Marshall: That film is actually a short film that I did. That’s the first film that I ever have done. It’s so interesting that you bring that film up. Yeah, I did that way, way back. I did not expect you to ask me about that, that film was directed and written by Traci Lords, she is wonderful to work with. The experience was pretty intense and to me it’s a real story. When you do a real story it’s kind of like you do the best you can. I play a boyfriend who is kind of caught up in all of the wrong things. Even though I love my girlfriend I am more addicted to sex. When the girlfriend is not comfortable and doesn’t want to go there, the guy gets angry and he lashes out. He has sex with her against her will, and so it’s like just because you have a boyfriend doesn’t mean you can’t still be raped by him. So, that’s kind of what goes down, I’m the boyfriend that doesn’t listen when she says no. It’s a real tough subject.

Q. What are some of your passions besides acting?

Marshall: I love music; I’m learning the drums right now. I am still am learning the guitar, you can never stop learning the guitar. I am not naturally talented; I’m not gifted right away. I believe that I have talent but it’s going to take somebody to really polish me. I love my girlfriend Jamie Brown; she’s an actress. She is really amazing, she’s the best actress in Hollywood by far that hasn’t been discovered. There are plenty of great actresses that are at the forefront of film for America. But, Jamie Brown is a force, as soon as someone gives her the green light on a film; it’s going to be unheard of. I don’t think that people understand; she is pretty much the reason why I know how to act today. She’s just phenomenal; she’s absolutely amazing. If you don’t know you should check her out! I like to get involved in culture, I like reading, I love soccer. Peter Stormare and I went and watched the Madrid Pumas game here in Chicago at the big stadium. I love soccer, I love USA, I’m going for us in the world cup. I am passionate about poetry, I’m passionate about art, I love public speaking and I love people who can speak really well. I’m passionate about passion; I just love life! My motto in life is that I want to live life to the fullest.

Q. Do you have a latest obsession? Are you into any particular book, sport, music group or activity?

Marshall: I am really into the Bible; I love the Bible; that’s my favorite book. I am living in Chicago and I’m obsessed with all their teams because this city is so infectious about their sports teams. Pretty much my latest obsession I would have to say is that and the loving relationships in my life, I can’t really have another obsession beyond that.
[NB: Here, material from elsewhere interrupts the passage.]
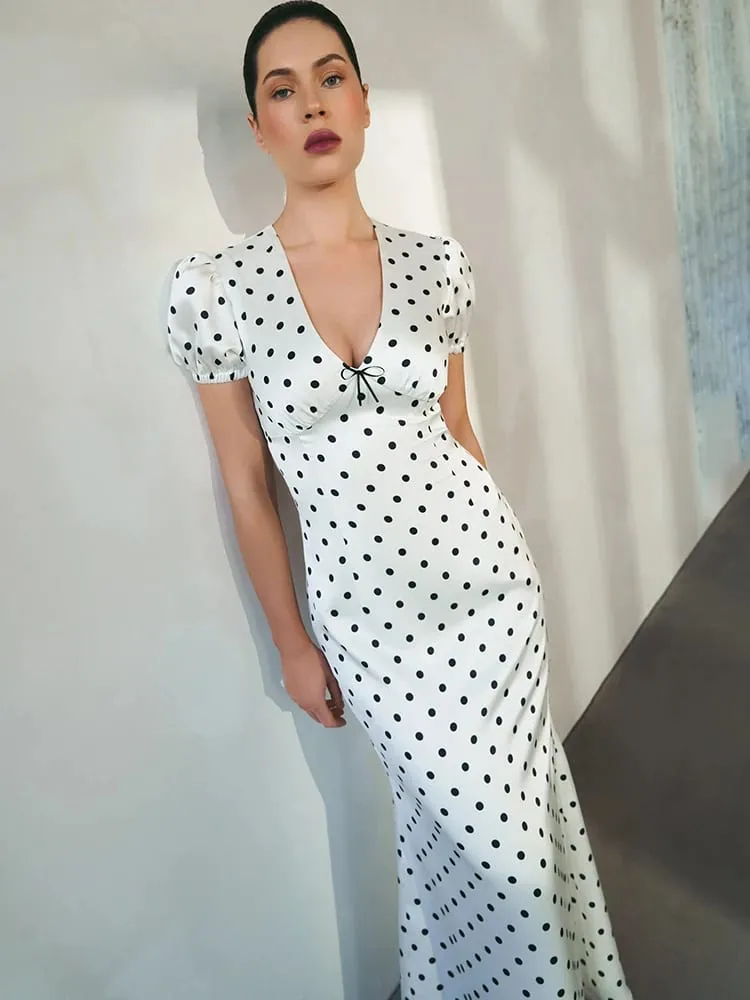 MO Sexy V-neck Print Polka Dot Women Maxi Dress White Short Sleeve Lace Up Dress Summer Slim Elegant Party Evening Dress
Most importantly in my life is relationships and the people that I have them with, my family and that love. Love is the greatest thing on earth.

Q. What would you like to say to your fans and supporters?
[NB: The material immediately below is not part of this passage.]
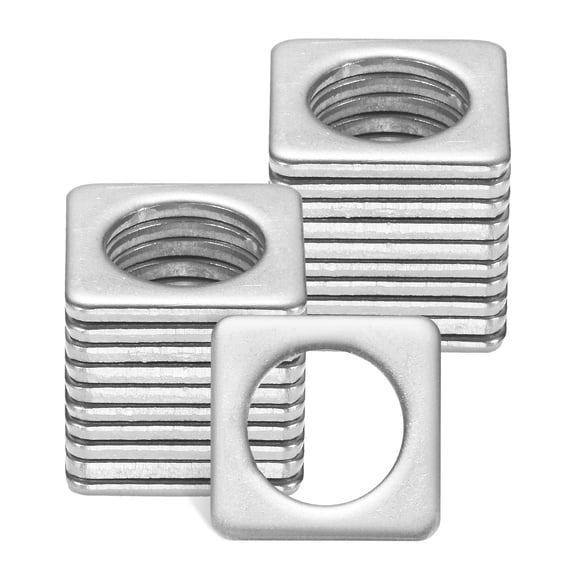 Uxcell 20-Pack Square Washers Plate, Fit M12 Bolt Stainless Steel Gasket Flat Pad Washers 0.79" OD 0.47" ID 2mm Thickness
Marshall: I am totally grateful and I am in awe and it’s humbling. All it does is inspire me to work that much harder for them. I hope that I keep bringing them stuff that they will enjoy, the fact that they are listening to me is so humbling and inspiring. There is nothing better for the soul of an artist than to be well received by his audience. Then if I have that, then there is no telling what is going to happen, I’m blown away.